Dust Dynamics in a Gravitationally Unstable Disc

The Role of Drag and Gravity on Dust Concentration in a Gravitationally Unstable Disc

Sahl Rowther, Rebecca Nealon, Farzana Meru, James Wurster, Hossam Aly, Richard Alexander, Ken Rice, Richard A. Booth

Abstract

We carry out three dimensional smoothed particle hydrodynamics simulations to study the role of gravitational and drag forces on the concentration of large dust grains (St > 1) in the spiral arms of gravitationally unstable protoplanetary discs, and the resulting implications for planet formation.

We find that both drag and gravity play an important role in the evolution of large dust grains. If we include both, grains that would otherwise be partially decoupled will become well coupled and trace the spirals. For the dust grains most influenced by drag (with Stokes numbers near unity), the dust disc quickly becomes gravitationally unstable and rapidly forms clumps with masses between 0.15 - 6 Earth masses. A large fraction of clumps are below the threshold where runaway gas accretion can occur. However, if dust self-gravity is neglected, the dust is unable to form clumps, despite still becoming trapped in the gas spirals. When large dust grains are unable to feel either gas gravity or drag, the dust is unable to trace the gas spirals. Hence, full physics is needed to properly simulate dust in gravitationally unstable discs.

Dust trapping of large grains in spiral arms of discs stable to gas fragmentation could explain planet formation in very young discs by a population of planetesimals formed due to the combined roles of drag and gravity in the earliest stages of a disc's evolution. Furthermore, it highlights that gravitationally unstable discs are not just important for forming gas giants quickly, it can also rapidly form Earth mass bodies.

Testing the Impact of Different Physics

The spiral arms in a gravitationally unstable protoplanetary disc are regions of both pressure maxima and gravitational potential minima. Thus, both the drag and gravitational force can influence the motion of dust.

To investigate the role of drag and gravity on the dust dynamics, we perform four simulations with different physics. The evolution of the dust in each simulation is shown in Figure 1 and described below.

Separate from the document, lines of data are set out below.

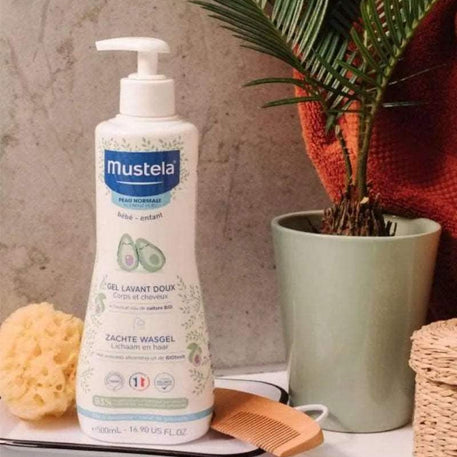 Mustela Gel Lavant Doux à l'Avocat BIO - 500ml - Bébé Shop Maroc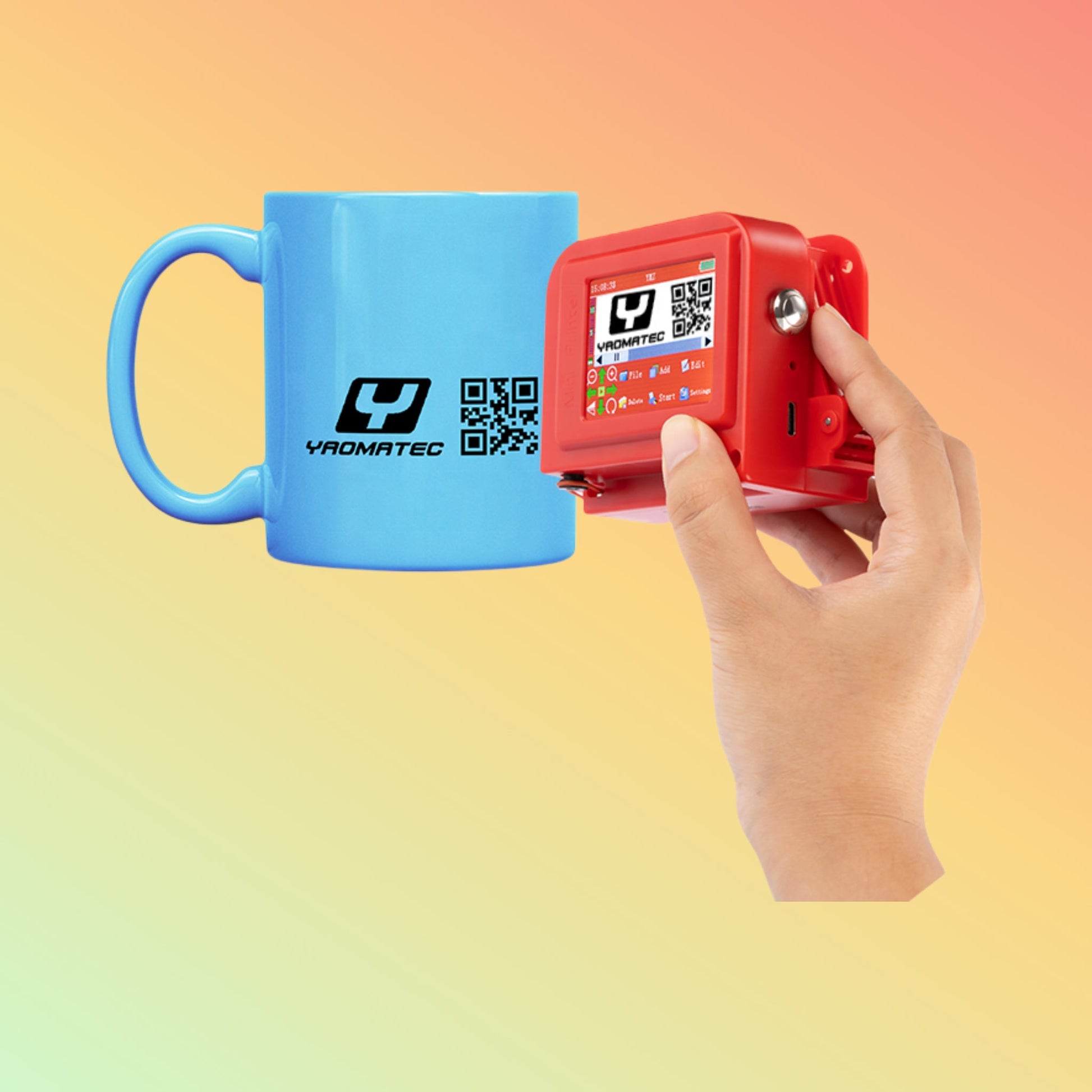 Yaomatec 12.7mm Mini Handheld Inkjet Expiry Date Logo Printer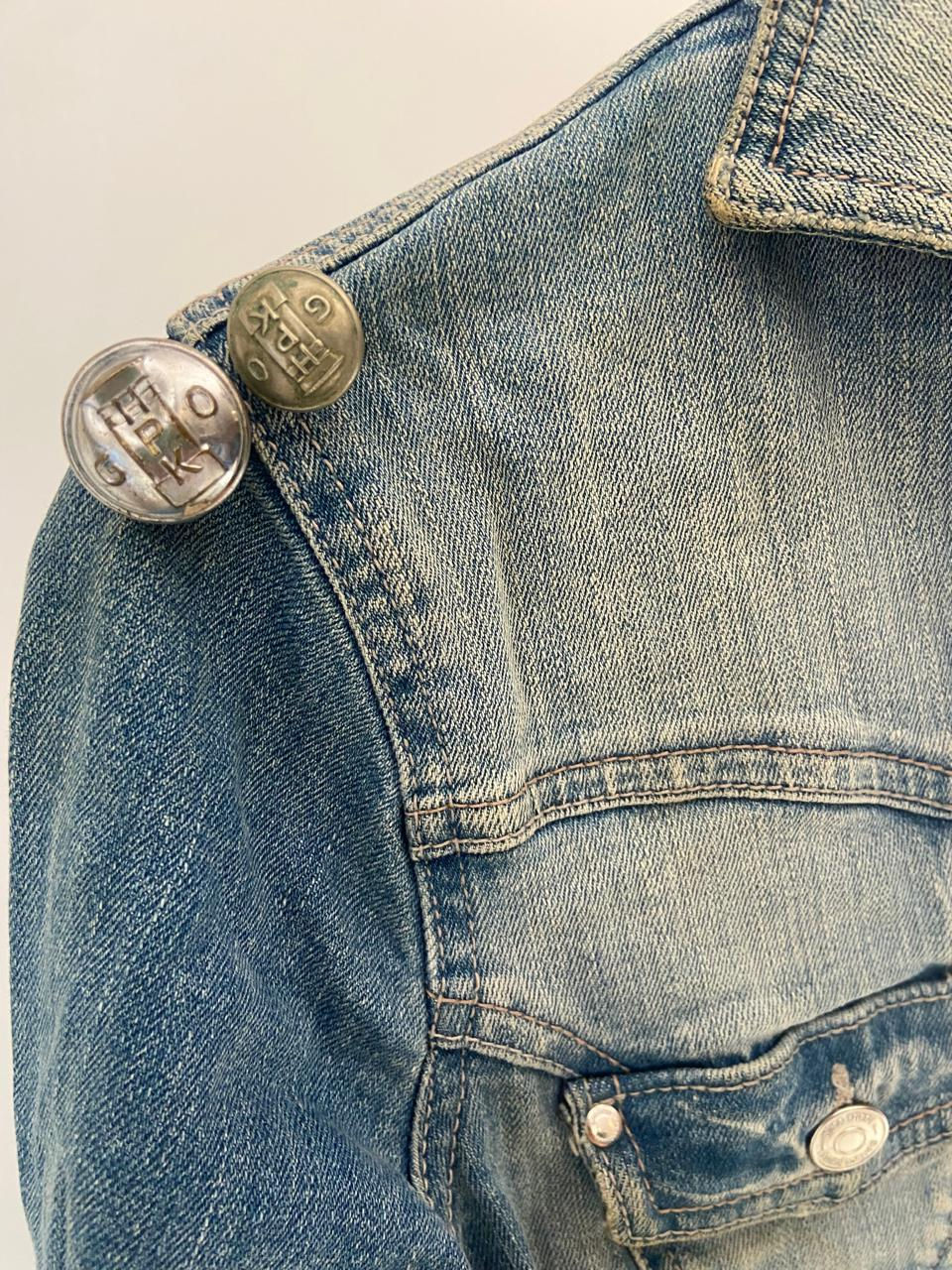 Thumbnail: Godmother Signature – Houndstooth-Lined Denim Jacket (Size S) - Luxury item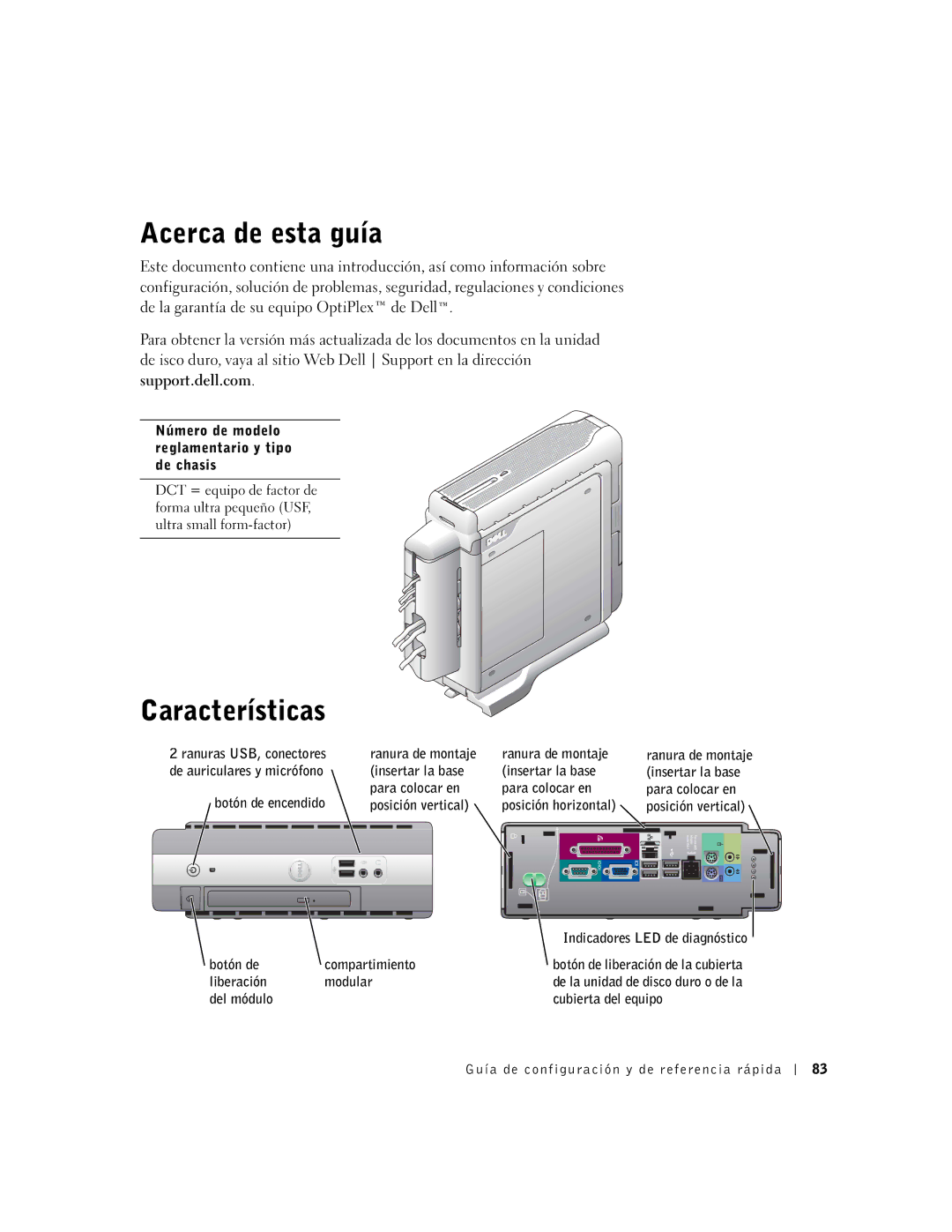 Dell 1U919 manual Acerca de esta guía, Características 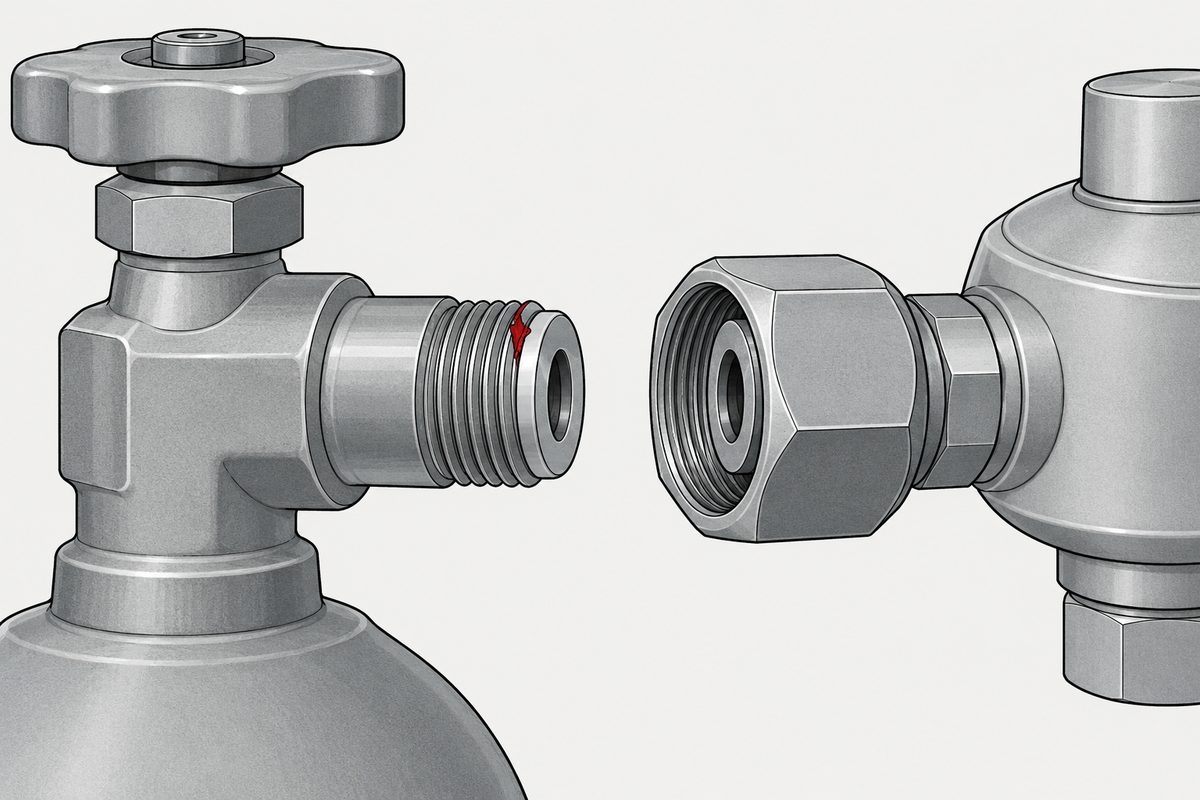 Steel gas-cylinder valve and regulator connector aligned apart, with a red dent in the thread beside the sealing face.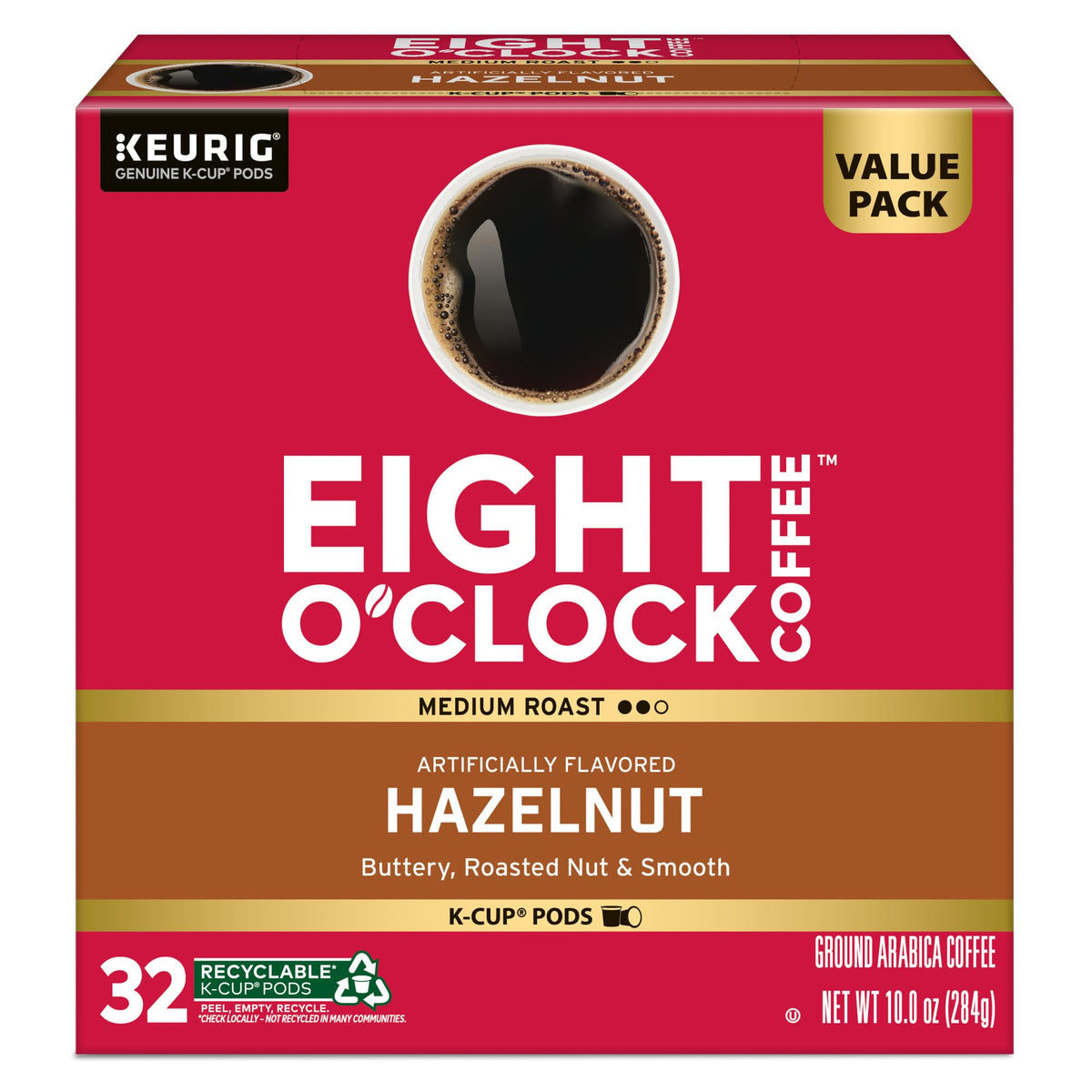 Eight O'Clock Coffee Hazelnut K-Cup Pods – Medium Roast, 32-Count | Kosher, Arabica, Keurig Compatible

Full Physics (top left) - The dust feels the drag force, and the gravitational force due to the gas and dust. The dust rapidly drifts towards and concentrates in the spiral arms, eventually forming gravitationally bound clumps.
No Dust Self-Gravity (top right) - The dust no longer feels the gravity of other dust particles. The evolution of the dust is similar to the Full Physics simulation, except the dust can no longer clump together.
Drag Only (bottom left) - The dust only feels the drag force. The absence of gravity prevents the dust from tracing the gas spiral arms as before.
Gravity Only (bottom right) - The dust only feels the gravity of gas and dust. Although the dust initially forms spiral structures, the absence of the drag force causes the dust to quickly decouple from the gas resulting in a smooth dust disc.

Neither drag nor gravity on their own is enough to trap dust. Their combined influence is necessary for the dust to become trapped in the gas spirals.

Figure 1: The evolution of large dust grains (St ~ 4) in a gravitationally unstable disc. Each panel shows the same simulation setup. The only difference between the four panels is the physics.

Rapid Formation of Earth-Mass Clumps

The results presented here show that planet formation through gravitational instability may not be limited to just giant planets.

The spiral arms of gravitationally unstable discs provide conditions that favour dust concentration which rapidly collapses to form numerous Earth mass clumps. The mass distribution of the clumps formed in the Full Physics simulation is shown in Figure 2.

The short timescale at which the Earth mass clumps form could help explain how some of the observed discs exhibit ring & gap structure (often associated with evidence of planet formation) despite being less than a million years old.